Look below for the line with "Кожаная курткат для девочки". Retype it and every line after it to the end, exactly, but leave out the pictures.

GIVEN MATERIAL:
== Segment start ==
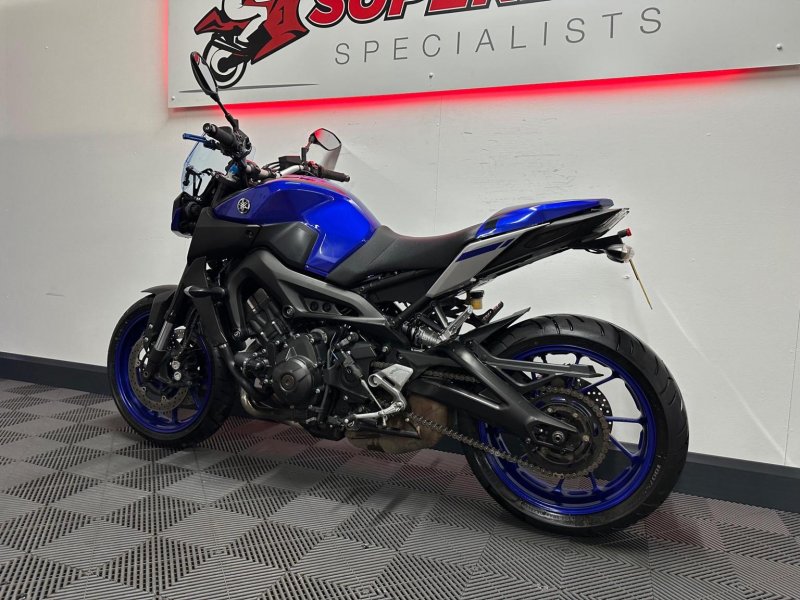 YAMAHA MT-09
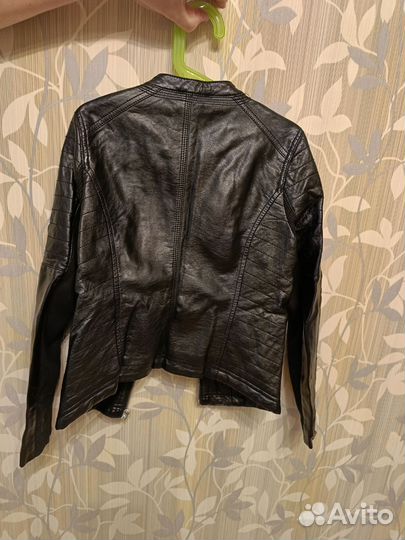 Кожаная курткат для девочки
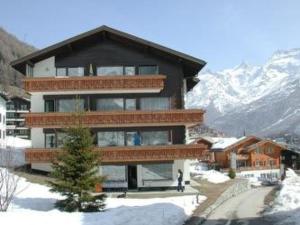 Φωτογραφία από το άλμπουμ του Apartment Azalea by Interhome σε Saas-Fee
== Segment end ==
SOLUTION:
 Кожаная курткат для девочки
 Φωτογραφία από το άλμπουμ του Apartment Azalea by Interhome σε Saas-Fee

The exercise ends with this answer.